• _Required action_: Retype only the lines below from the one with "Cappello estivo da" to the one with "Bolsa panera de", inclusive, skipping every image.

• _Entries shown_:
◆ ◆ ◆ ◆ ◆

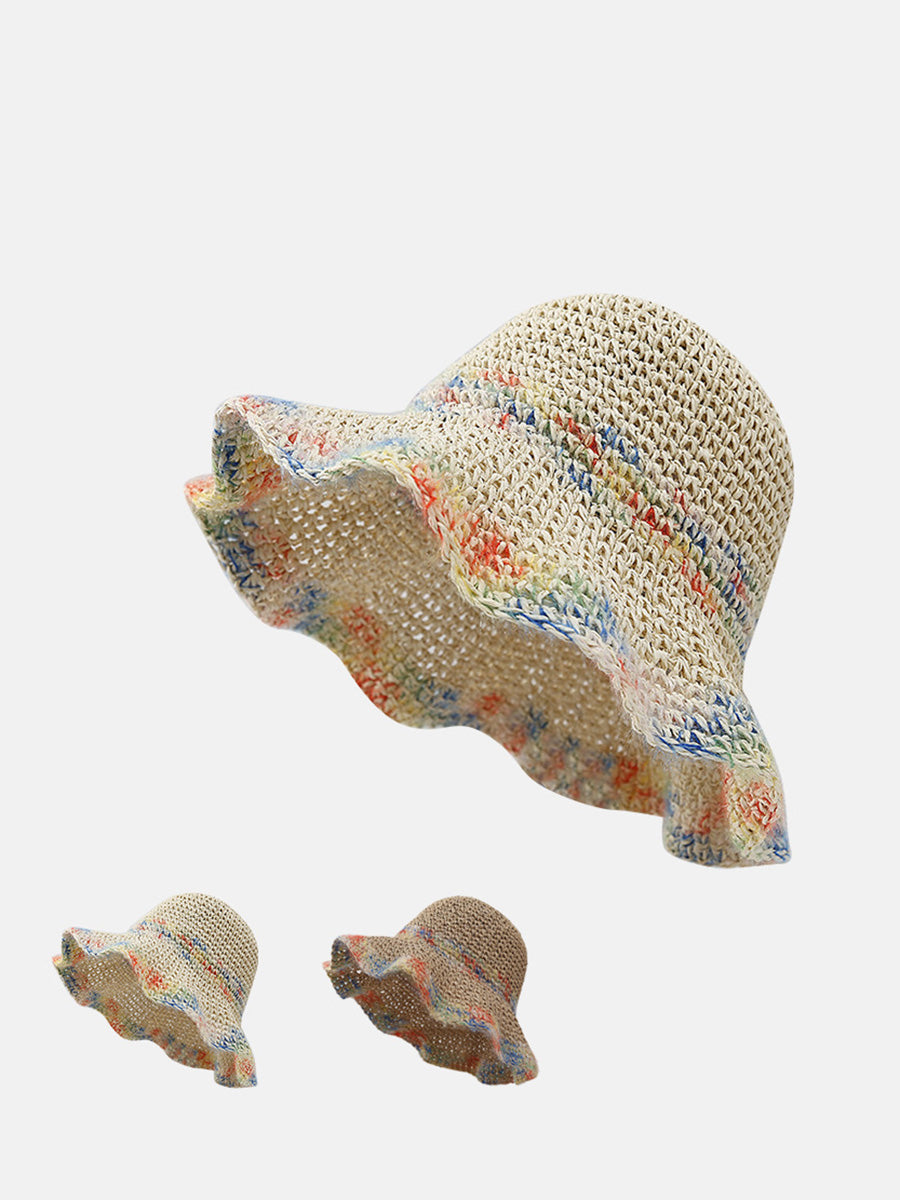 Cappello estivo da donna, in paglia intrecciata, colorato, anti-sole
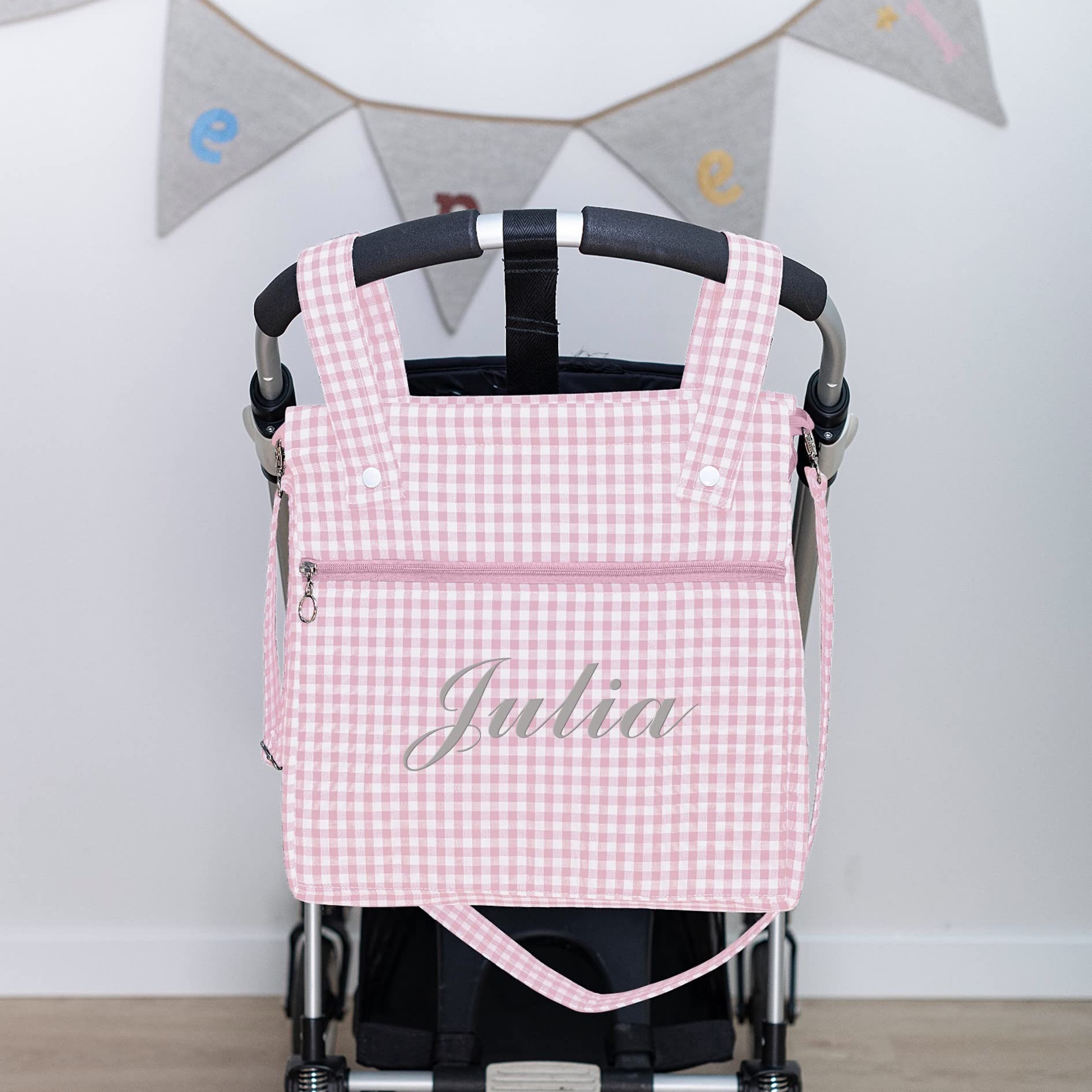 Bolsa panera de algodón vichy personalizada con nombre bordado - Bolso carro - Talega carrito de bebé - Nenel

◆ ◆ ◆ ◆ ◆

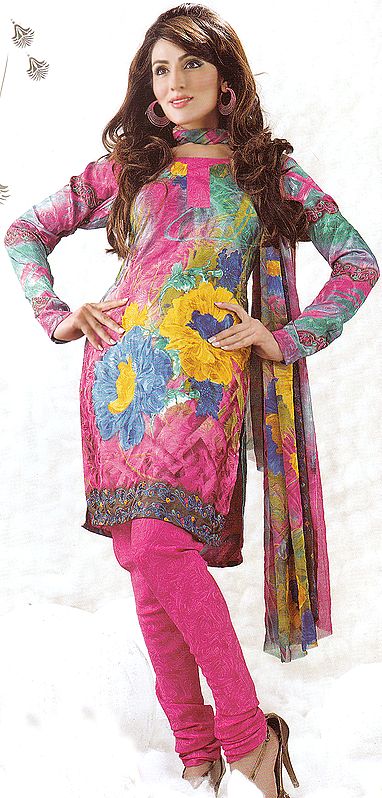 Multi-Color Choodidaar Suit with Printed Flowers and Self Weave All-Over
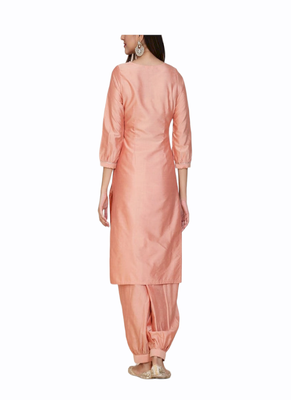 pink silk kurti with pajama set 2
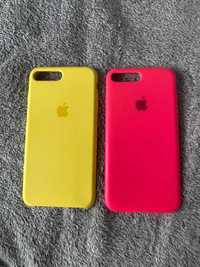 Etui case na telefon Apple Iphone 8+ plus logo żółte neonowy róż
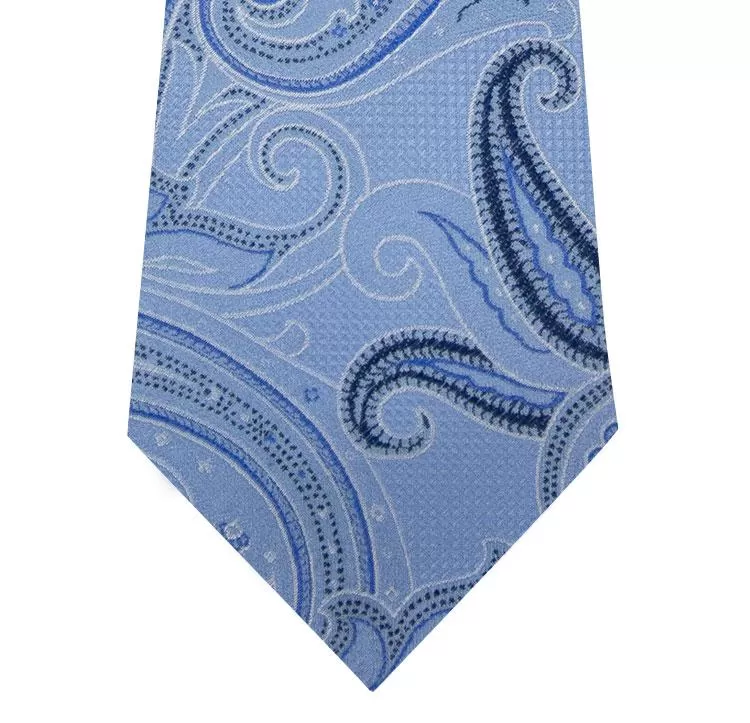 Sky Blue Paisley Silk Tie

◆ ◆ ◆ ◆ ◆

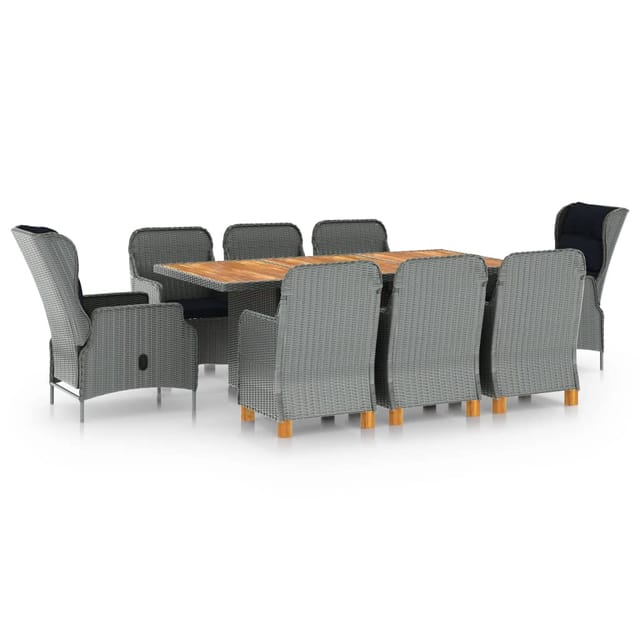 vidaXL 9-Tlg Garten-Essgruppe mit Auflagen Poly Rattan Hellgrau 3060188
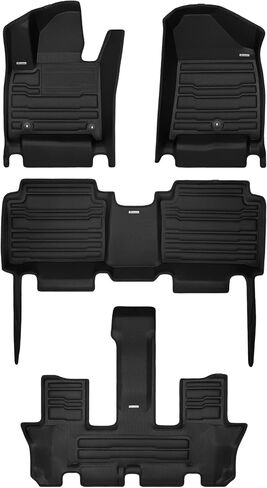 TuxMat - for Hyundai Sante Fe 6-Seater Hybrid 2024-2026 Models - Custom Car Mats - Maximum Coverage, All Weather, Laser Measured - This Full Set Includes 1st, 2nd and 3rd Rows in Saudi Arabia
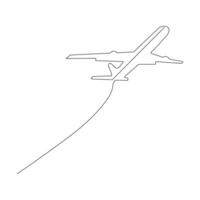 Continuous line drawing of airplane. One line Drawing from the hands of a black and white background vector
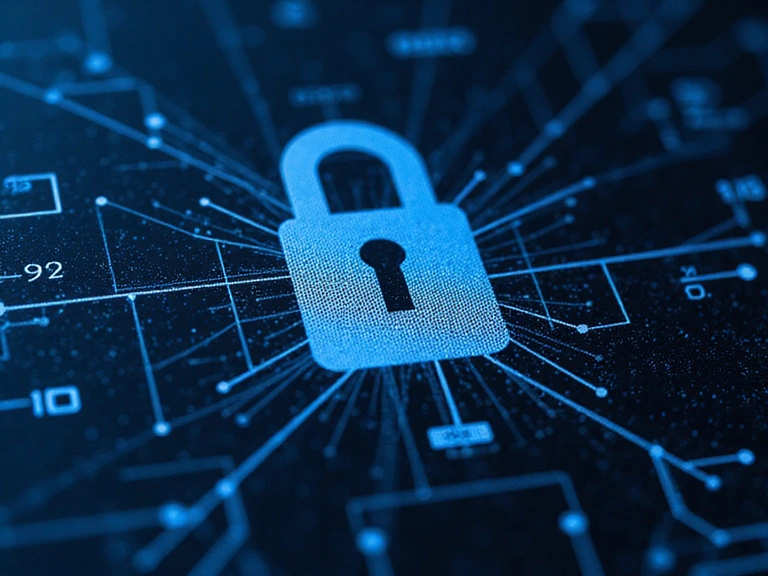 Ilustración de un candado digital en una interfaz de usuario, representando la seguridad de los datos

◆ ◆ ◆ ◆ ◆

• _Your solution_:
 Cappello estivo da donna, in paglia intrecciata, colorato, anti-sole
 Bolsa panera de algodón vichy personalizada con nombre bordado - Bolso carro - Talega carrito de bebé - Nenel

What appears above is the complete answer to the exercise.